EXERCISE REQUIREMENTS:
All that is wanted is the exact lines from the one with "So this is the" through the last line of the entries, with both ends kept and every picture left out.

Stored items
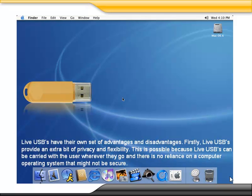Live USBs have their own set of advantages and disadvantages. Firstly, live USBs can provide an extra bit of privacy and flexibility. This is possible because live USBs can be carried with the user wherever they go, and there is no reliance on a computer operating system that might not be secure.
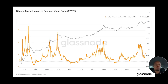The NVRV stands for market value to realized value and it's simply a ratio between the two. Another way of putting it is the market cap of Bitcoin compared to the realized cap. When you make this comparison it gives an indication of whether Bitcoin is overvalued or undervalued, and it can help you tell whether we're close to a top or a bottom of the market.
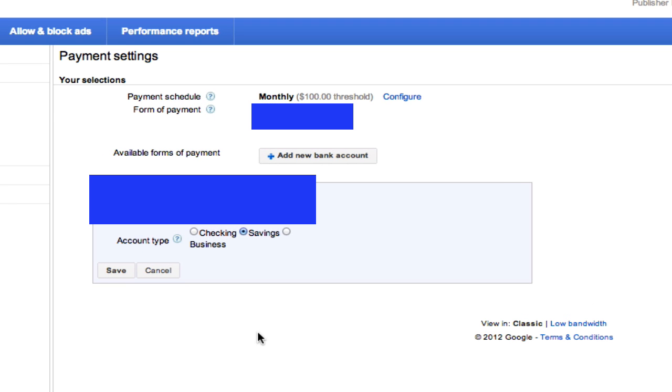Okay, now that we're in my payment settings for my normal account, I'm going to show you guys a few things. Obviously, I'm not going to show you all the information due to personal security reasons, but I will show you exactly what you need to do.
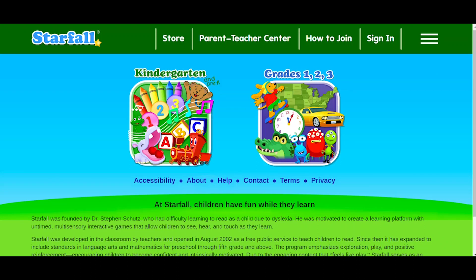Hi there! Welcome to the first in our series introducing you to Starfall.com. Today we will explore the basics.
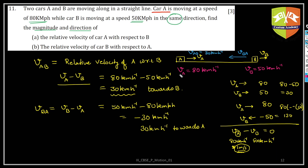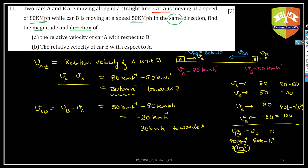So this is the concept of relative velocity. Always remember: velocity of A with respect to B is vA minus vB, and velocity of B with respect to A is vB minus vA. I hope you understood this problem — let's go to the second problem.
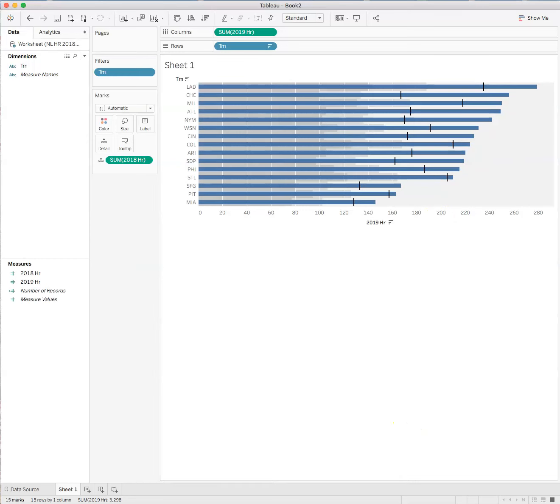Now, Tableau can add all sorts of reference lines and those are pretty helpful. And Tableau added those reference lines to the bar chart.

EXPECTED OUTPUT:
So this is the concept of relative velocity. Always remember: velocity of A with respect to B is vA minus vB, and velocity of B with respect to A is vB minus vA. I hope you understood this problem — let's go to the second problem.
Now, Tableau can add all sorts of reference lines and those are pretty helpful. And Tableau added those reference lines to the bar chart.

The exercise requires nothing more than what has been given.